La Tosca

by Sisyphus47

ToscaShe did not know much about Puccini, but when she heard that Sarah, her much admired Mistress, wife of Julian, her beloved, hardly secrete, crunch, was planning to take them both to the Royal Opera House in Covent Garden, Melissa got very excited. Sarah had swept one morning in the little studio in Kreuzberg, finding them both asleep in bed, her pet showing all the signs of the satisfying evening before. She laughed, and woke them up with cold water.

After breakfast, which Sarah prepared with her customary imagination – who else could find fresh Baltic salmon in Berlin on a Tuesday early morning? – she explained that it was time Melissa saw London, and got a bit out of Faust’s city, to taste the megapolis of greed, Mammon’s capital. Julian was enthusiastic, the more so since his wife appeared to accept his new intimacy with her pet, with good grace. Of course, for Sarah, it was exactly what she had intended, a soft therapy to counter her sick husband’s longing for Melissa-the-ghost, hopefully for ever.

So it was that, a few hours later, the three of them were in Sarah’s East End home, Melissa trying various items of underwear and evening dress in Sarah’s room. Being back in London, for the first time in nearly a year, was strange and a little frightening for Julian. A silent witness to the delightful spectacle of his wife and lover, both naked, trying out garments and jewellery, he took pictures of the two of them, modelling for him and playing dolls. With interest, and not without a little lust, he observed the attention Sarah was giving to Melissa’s toilette. One of his favourite shots would later be that of Sarah,  adjusting Melissa’s stockings over the pet’s silky thighs, a devilish smile on her lips, and sensitive fingers.

The opera was at seven, and they had plenty of time to enjoy a pre-performance drink at the bar, after taking a walk through the busy market. Melissa was amused by the jugglers and acrobats. Julian could not not admire his companions, who, for sure, attracted much male attention. Sarah had fitted Melissa with an audacious green low naked-back long dress, which enhanced the girl’s fine features, athletic backside and striking short blond hair, and lent her a pair of long black ebony earrings. Her black leather and silver collar looked enticing on Melissa’s neck. For herself, Sarah had chosen a simple split black dress, that revealed her splendid thighs and shins, and let most of her breasts free, and free to be admired.

They had good orchestra seats, and during the first act, Melissa got agitated whenever the evil Scarpia appeared, and enthralled by the duos between the lovers. At the break, the three of them enjoyed a bottle of Dom Perignon, and Sarah kissed them both on the lips. Melissa was floating. She cried for the rest of the concert, every time La Tosca sang. Sitting between Sarah and her husband, she held on to one hand each, in despair, drowning in tears.

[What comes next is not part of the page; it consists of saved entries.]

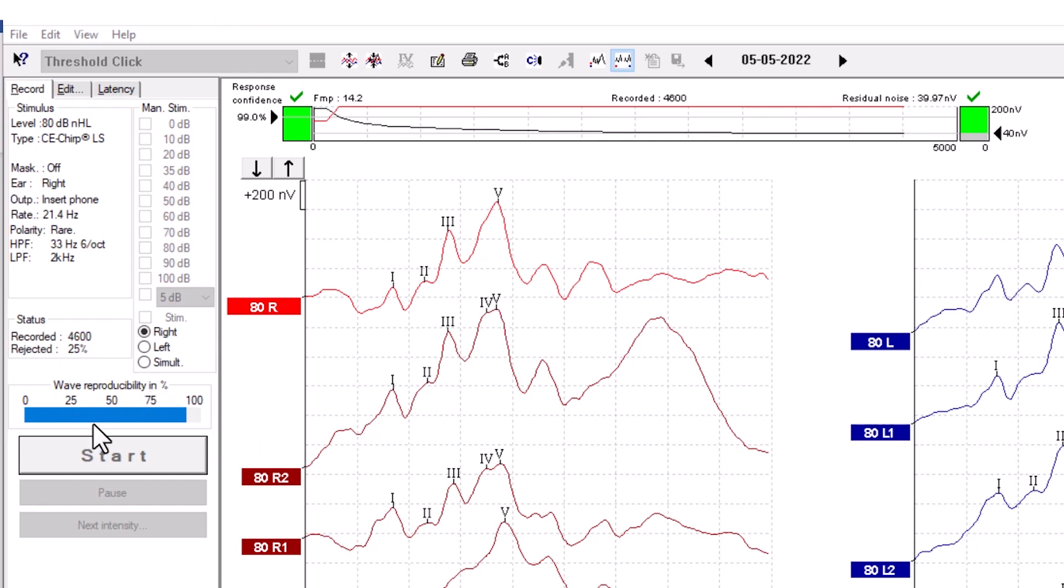When a test is performed, the A and B buffers each hold half of the responses. A correlation between the two curves is indicated using a percentage bar, and this is used to calculate the reproducibility of each wave.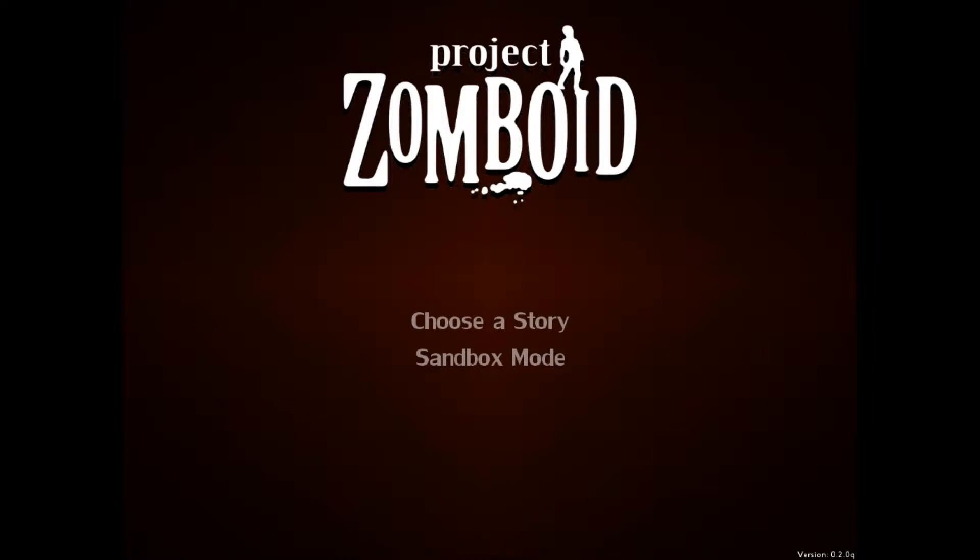Hello, this is Technoplay, also known as Gametur, and now we're going to play Project Zomboid.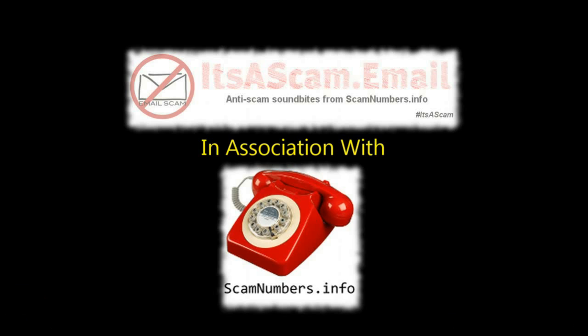This video was produced by itsascam.email in association with ScamNumbers.info.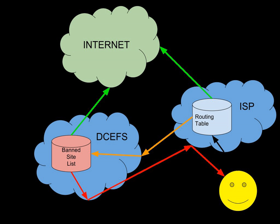Tech Liberty NZ objected to the launch of the filter, but DIA defended the system and noted that trials over two years showed that the filter did not affect the speed or stability of the Internet.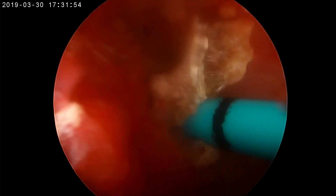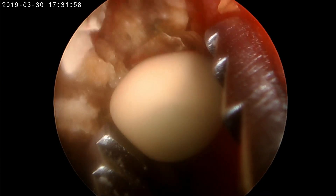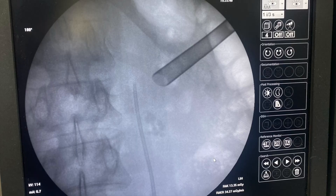After that, the stone was broken using a pneumatic lithotripter. You can see the secondary stones also being found after clearing the major bulk of the pelvic stone, and these stones are removed one by one.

Later Sarah took her to the ladies room for a bit of repair. Fortunately Melissa wore very little make up, so the disaster had been avoided. They caught a cab to Julian’s club in Mayfair, a discrete place where his wife was always welcome with awesome respect. Finally Melissa stopped crying, after she was promised to be allowed that night to sleep – or so she was told – in Sarah’s bed, that happened, of course, also to be Julian’s. Sarah explained to her the plot of Tosca, and the historical settings of post-napoleonic Italy. She wanted to know more, if Mario had really been shot, and if Scarpia was really dead. She had plenty of questions about Puccini too. Julian, amazed, was looking at his lover with much tenderness, to his wife’s great entertainment.

At the end of the evening Julian’s favourite and friendly barman, who lived East-way, gave them a lift to their place. Sarah told Julian she needed a little time alone with Melissa, and then he could join them. Together they were going to spend a few days in London, and Sarah planned to show Melissa shops and museums, girls out by themselves. Julian too had some business to expedite in London with his publisher and solicitor. Then Sarah would send back husband and pet to Berlin, well groomed and satiated. Both, she knew, were now in good hands.